-- DATASET CONTENT follows --

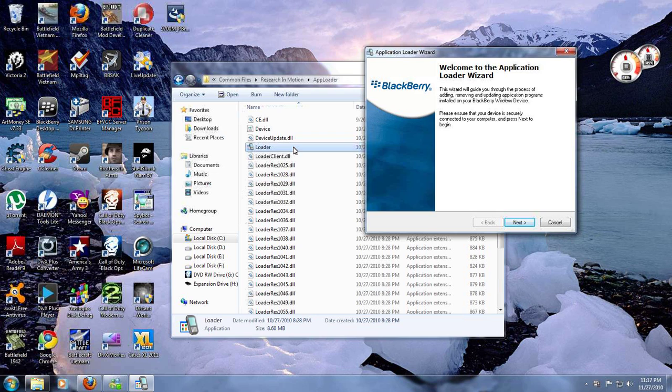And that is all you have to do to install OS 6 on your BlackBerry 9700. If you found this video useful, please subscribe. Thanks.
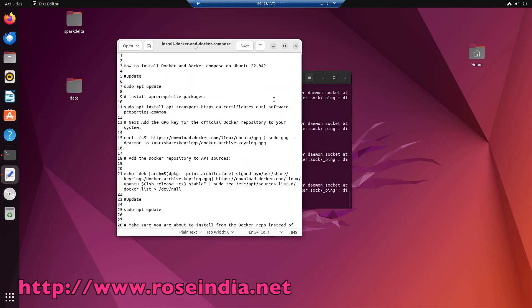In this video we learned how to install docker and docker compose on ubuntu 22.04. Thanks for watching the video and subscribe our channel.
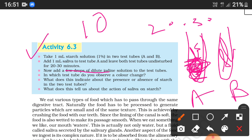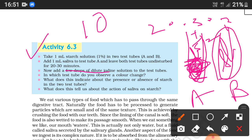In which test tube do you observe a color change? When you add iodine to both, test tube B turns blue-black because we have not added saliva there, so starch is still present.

-- DATASET CONTENT concluded --

## TASK ITEM
For this exercise, give the listing again exactly as written, with the pictures omitted.

## TASK SOLUTION
And that is all you have to do to install OS 6 on your BlackBerry 9700. If you found this video useful, please subscribe. Thanks.
In this video we learned how to install docker and docker compose on ubuntu 22.04. Thanks for watching the video and subscribe our channel.
In which test tube do you observe a color change? When you add iodine to both, test tube B turns blue-black because we have not added saliva there, so starch is still present.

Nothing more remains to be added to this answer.